PROBLEM STATEMENT: Each record must be copied in full and unchanged; any image it holds is excluded.

+-------+

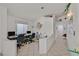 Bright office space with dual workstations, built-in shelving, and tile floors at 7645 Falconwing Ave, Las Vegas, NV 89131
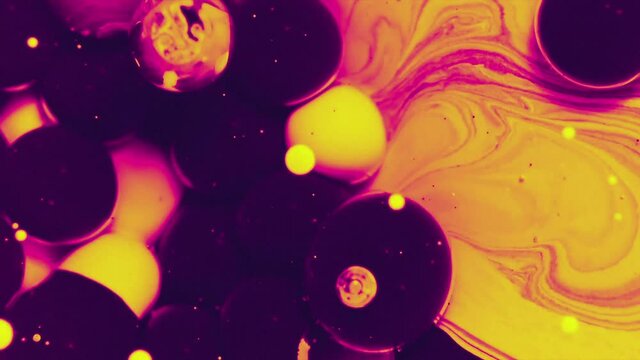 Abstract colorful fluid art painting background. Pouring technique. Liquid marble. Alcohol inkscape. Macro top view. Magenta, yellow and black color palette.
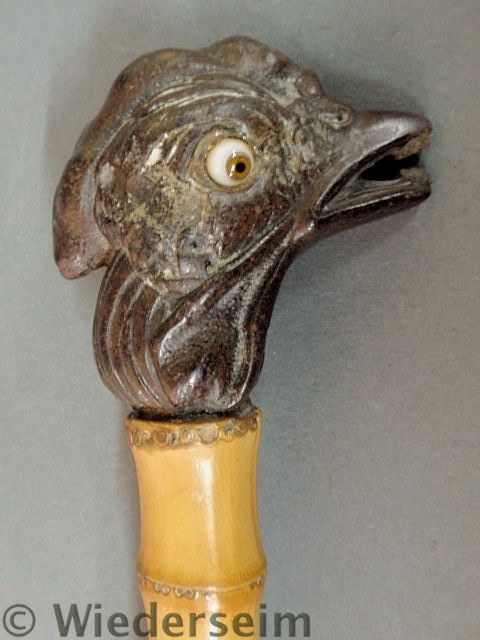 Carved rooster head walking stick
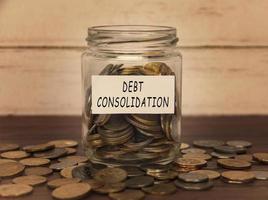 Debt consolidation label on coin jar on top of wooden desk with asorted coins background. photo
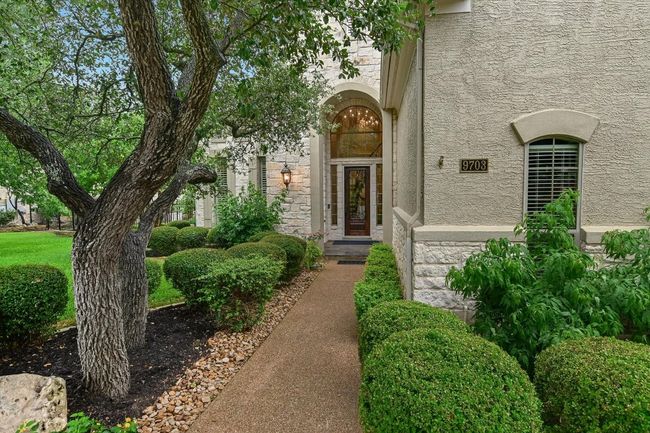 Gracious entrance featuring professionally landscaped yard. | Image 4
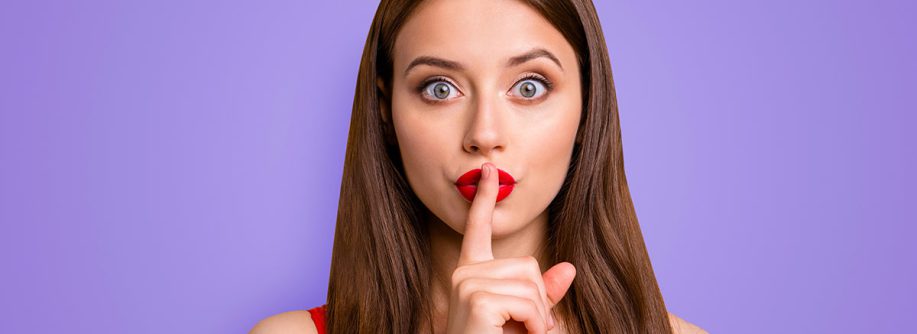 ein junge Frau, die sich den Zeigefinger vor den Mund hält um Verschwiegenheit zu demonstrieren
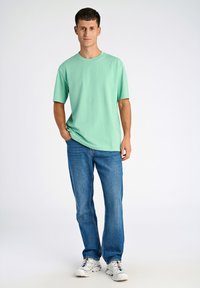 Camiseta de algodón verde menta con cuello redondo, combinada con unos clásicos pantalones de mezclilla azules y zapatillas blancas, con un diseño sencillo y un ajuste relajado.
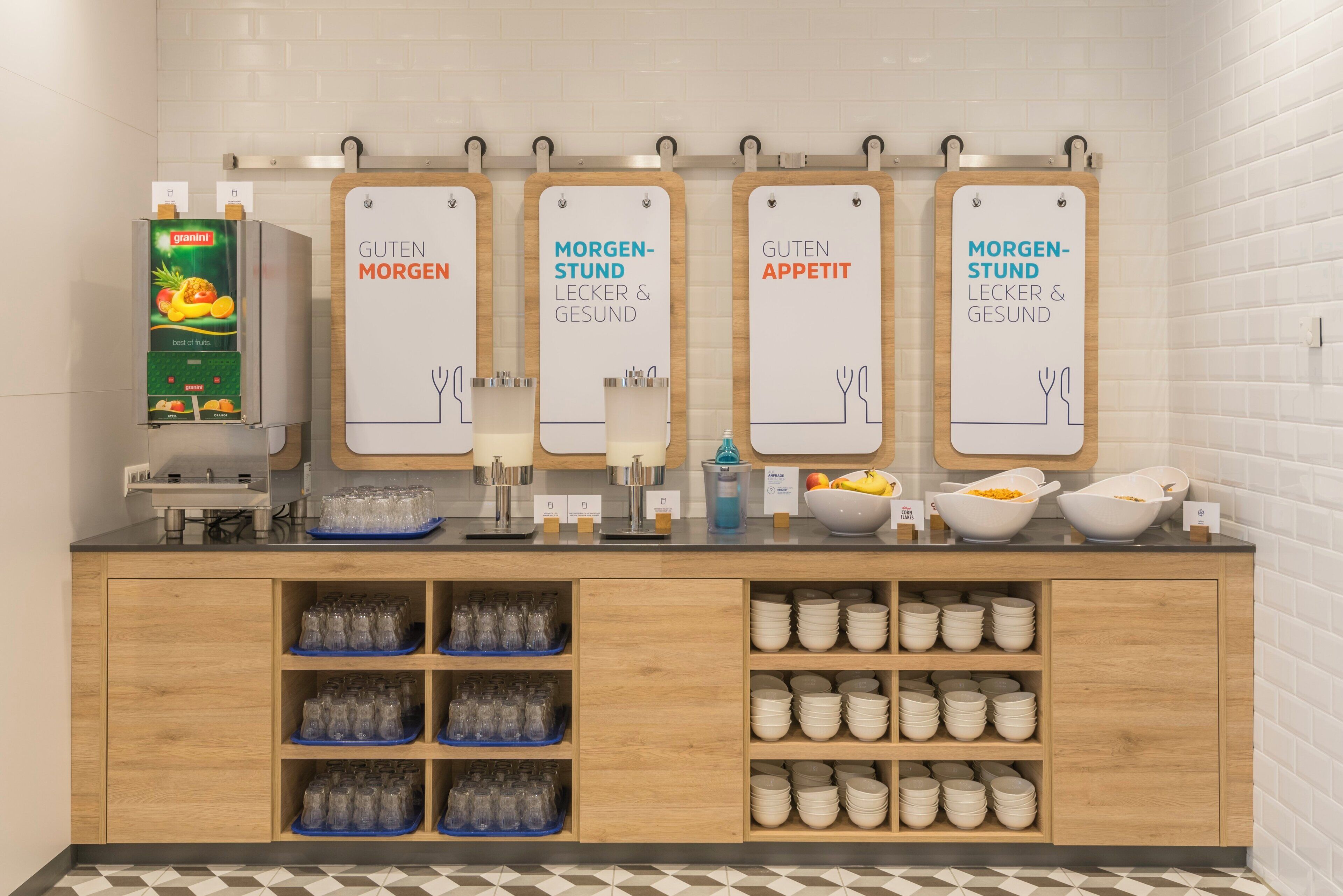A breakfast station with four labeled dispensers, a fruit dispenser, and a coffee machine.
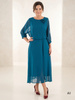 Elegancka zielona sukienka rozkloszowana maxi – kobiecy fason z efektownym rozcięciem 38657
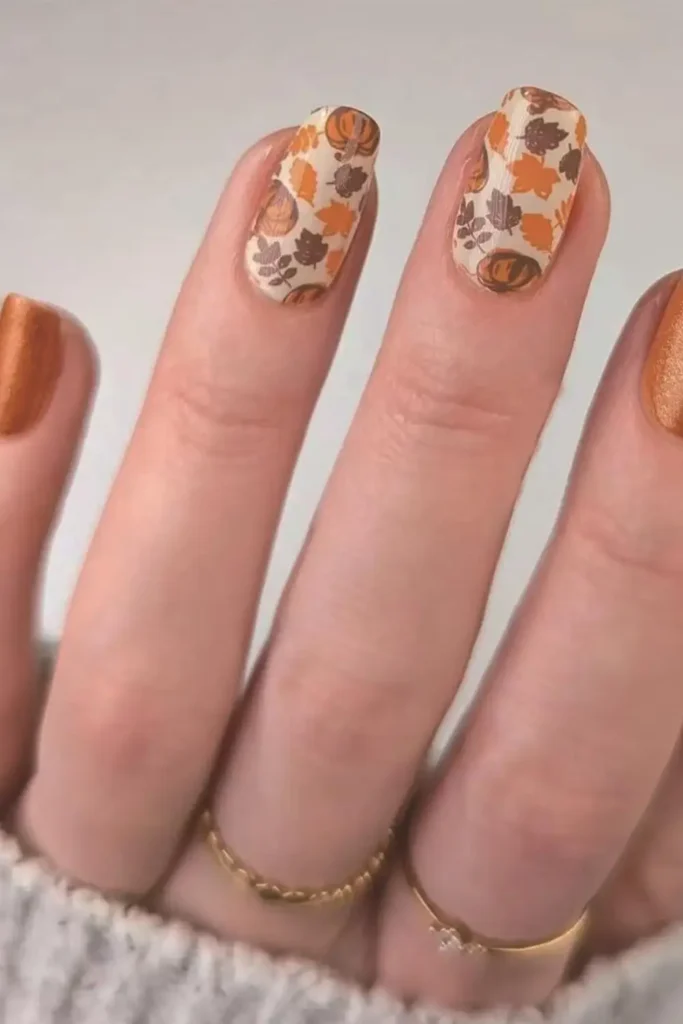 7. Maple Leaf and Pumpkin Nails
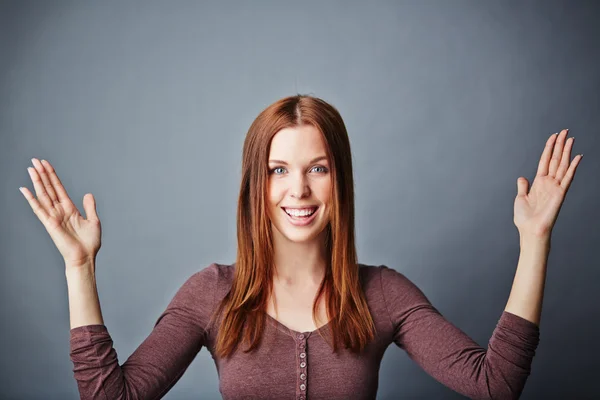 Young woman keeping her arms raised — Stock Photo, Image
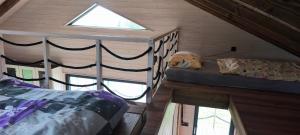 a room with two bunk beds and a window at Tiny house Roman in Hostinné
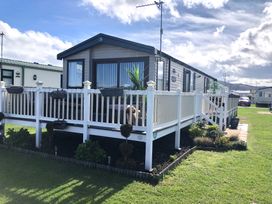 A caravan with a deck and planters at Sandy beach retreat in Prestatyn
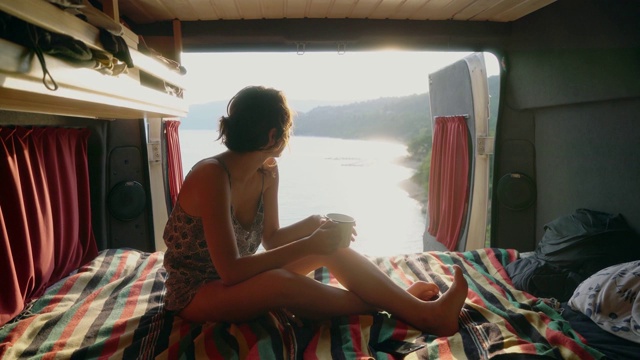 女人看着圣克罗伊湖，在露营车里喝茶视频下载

+-------+

RESPONSE TO THE EXERCISE:
 Bright office space with dual workstations, built-in shelving, and tile floors at 7645 Falconwing Ave, Las Vegas, NV 89131
 Abstract colorful fluid art painting background. Pouring technique. Liquid marble. Alcohol inkscape. Macro top view. Magenta, yellow and black color palette.
 Carved rooster head walking stick
 Debt consolidation label on coin jar on top of wooden desk with asorted coins background. photo
 Gracious entrance featuring professionally landscaped yard. | Image 4
 ein junge Frau, die sich den Zeigefinger vor den Mund hält um Verschwiegenheit zu demonstrieren
 Camiseta de algodón verde menta con cuello redondo, combinada con unos clásicos pantalones de mezclilla azules y zapatillas blancas, con un diseño sencillo y un ajuste relajado.
A breakfast station with four labeled dispensers, a fruit dispenser, and a coffee machine.
 Elegancka zielona sukienka rozkloszowana maxi – kobiecy fason z efektownym rozcięciem 38657
 7. Maple Leaf and Pumpkin Nails
 Young woman keeping her arms raised — Stock Photo, Image
 a room with two bunk beds and a window at Tiny house Roman in Hostinné
 A caravan with a deck and planters at Sandy beach retreat in Prestatyn
 女人看着圣克罗伊湖，在露营车里喝茶视频下载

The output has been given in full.